== EXERCISE GOAL ==
Copy out the records that appear below, exactly as each one reads.

Caption-style text data
□ □ □ □ □ □ □
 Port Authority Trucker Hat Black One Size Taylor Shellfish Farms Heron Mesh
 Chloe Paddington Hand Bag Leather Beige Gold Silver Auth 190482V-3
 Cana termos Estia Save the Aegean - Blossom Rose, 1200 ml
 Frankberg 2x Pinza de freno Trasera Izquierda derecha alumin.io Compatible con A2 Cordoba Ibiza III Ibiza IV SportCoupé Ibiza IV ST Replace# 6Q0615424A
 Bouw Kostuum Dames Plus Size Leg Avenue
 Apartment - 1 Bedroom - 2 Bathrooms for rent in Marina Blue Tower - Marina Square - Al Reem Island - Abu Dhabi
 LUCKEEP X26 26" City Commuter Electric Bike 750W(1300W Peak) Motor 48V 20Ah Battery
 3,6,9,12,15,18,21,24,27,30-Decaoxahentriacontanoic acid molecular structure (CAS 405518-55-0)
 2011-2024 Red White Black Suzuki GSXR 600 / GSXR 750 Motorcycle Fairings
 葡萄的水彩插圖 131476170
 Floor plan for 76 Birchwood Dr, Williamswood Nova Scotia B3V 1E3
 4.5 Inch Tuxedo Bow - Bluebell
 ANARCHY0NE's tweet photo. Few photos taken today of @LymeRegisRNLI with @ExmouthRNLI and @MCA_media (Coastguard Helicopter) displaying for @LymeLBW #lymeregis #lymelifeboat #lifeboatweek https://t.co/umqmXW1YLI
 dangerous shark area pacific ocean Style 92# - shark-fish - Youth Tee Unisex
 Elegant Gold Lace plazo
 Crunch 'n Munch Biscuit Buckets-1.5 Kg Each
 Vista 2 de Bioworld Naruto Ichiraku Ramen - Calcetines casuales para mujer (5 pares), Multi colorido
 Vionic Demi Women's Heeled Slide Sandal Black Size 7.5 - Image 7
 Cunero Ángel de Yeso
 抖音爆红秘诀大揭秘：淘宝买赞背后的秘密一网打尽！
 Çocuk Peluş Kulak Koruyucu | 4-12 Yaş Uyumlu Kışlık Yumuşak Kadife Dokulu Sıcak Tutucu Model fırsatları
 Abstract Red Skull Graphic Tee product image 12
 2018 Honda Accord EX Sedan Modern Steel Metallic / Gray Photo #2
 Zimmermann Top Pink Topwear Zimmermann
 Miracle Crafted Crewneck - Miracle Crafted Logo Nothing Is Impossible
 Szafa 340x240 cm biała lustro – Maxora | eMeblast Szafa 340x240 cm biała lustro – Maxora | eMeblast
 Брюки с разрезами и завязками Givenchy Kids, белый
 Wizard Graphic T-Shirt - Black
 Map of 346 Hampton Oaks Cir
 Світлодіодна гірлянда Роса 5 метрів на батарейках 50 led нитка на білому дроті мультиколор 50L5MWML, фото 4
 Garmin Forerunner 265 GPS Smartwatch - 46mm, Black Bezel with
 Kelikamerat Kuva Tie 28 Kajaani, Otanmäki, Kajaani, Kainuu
□ □ □ □ □ □ □
== PROBLEM SOLUTION ==
 Port Authority Trucker Hat Black One Size Taylor Shellfish Farms Heron Mesh
 Chloe Paddington Hand Bag Leather Beige Gold Silver Auth 190482V-3
 Cana termos Estia Save the Aegean - Blossom Rose, 1200 ml
 Frankberg 2x Pinza de freno Trasera Izquierda derecha alumin.io Compatible con A2 Cordoba Ibiza III Ibiza IV SportCoupé Ibiza IV ST Replace# 6Q0615424A
 Bouw Kostuum Dames Plus Size Leg Avenue
 Apartment - 1 Bedroom - 2 Bathrooms for rent in Marina Blue Tower - Marina Square - Al Reem Island - Abu Dhabi
 LUCKEEP X26 26" City Commuter Electric Bike 750W(1300W Peak) Motor 48V 20Ah Battery
 3,6,9,12,15,18,21,24,27,30-Decaoxahentriacontanoic acid molecular structure (CAS 405518-55-0)
 2011-2024 Red White Black Suzuki GSXR 600 / GSXR 750 Motorcycle Fairings
 葡萄的水彩插圖 131476170
 Floor plan for 76 Birchwood Dr, Williamswood Nova Scotia B3V 1E3
 4.5 Inch Tuxedo Bow - Bluebell
 ANARCHY0NE's tweet photo. Few photos taken today of @LymeRegisRNLI with @ExmouthRNLI and @MCA_media (Coastguard Helicopter) displaying for @LymeLBW #lymeregis #lymelifeboat #lifeboatweek https://t.co/umqmXW1YLI
 dangerous shark area pacific ocean Style 92# - shark-fish - Youth Tee Unisex
 Elegant Gold Lace plazo
 Crunch 'n Munch Biscuit Buckets-1.5 Kg Each
 Vista 2 de Bioworld Naruto Ichiraku Ramen - Calcetines casuales para mujer (5 pares), Multi colorido
 Vionic Demi Women's Heeled Slide Sandal Black Size 7.5 - Image 7
 Cunero Ángel de Yeso
 抖音爆红秘诀大揭秘：淘宝买赞背后的秘密一网打尽！
 Çocuk Peluş Kulak Koruyucu | 4-12 Yaş Uyumlu Kışlık Yumuşak Kadife Dokulu Sıcak Tutucu Model fırsatları
 Abstract Red Skull Graphic Tee product image 12
 2018 Honda Accord EX Sedan Modern Steel Metallic / Gray Photo #2
 Zimmermann Top Pink Topwear Zimmermann
 Miracle Crafted Crewneck - Miracle Crafted Logo Nothing Is Impossible
 Szafa 340x240 cm biała lustro – Maxora | eMeblast Szafa 340x240 cm biała lustro – Maxora | eMeblast
 Брюки с разрезами и завязками Givenchy Kids, белый
 Wizard Graphic T-Shirt - Black
 Map of 346 Hampton Oaks Cir
 Світлодіодна гірлянда Роса 5 метрів на батарейках 50 led нитка на білому дроті мультиколор 50L5MWML, фото 4
 Garmin Forerunner 265 GPS Smartwatch - 46mm, Black Bezel with
 Kelikamerat Kuva Tie 28 Kajaani, Otanmäki, Kajaani, Kainuu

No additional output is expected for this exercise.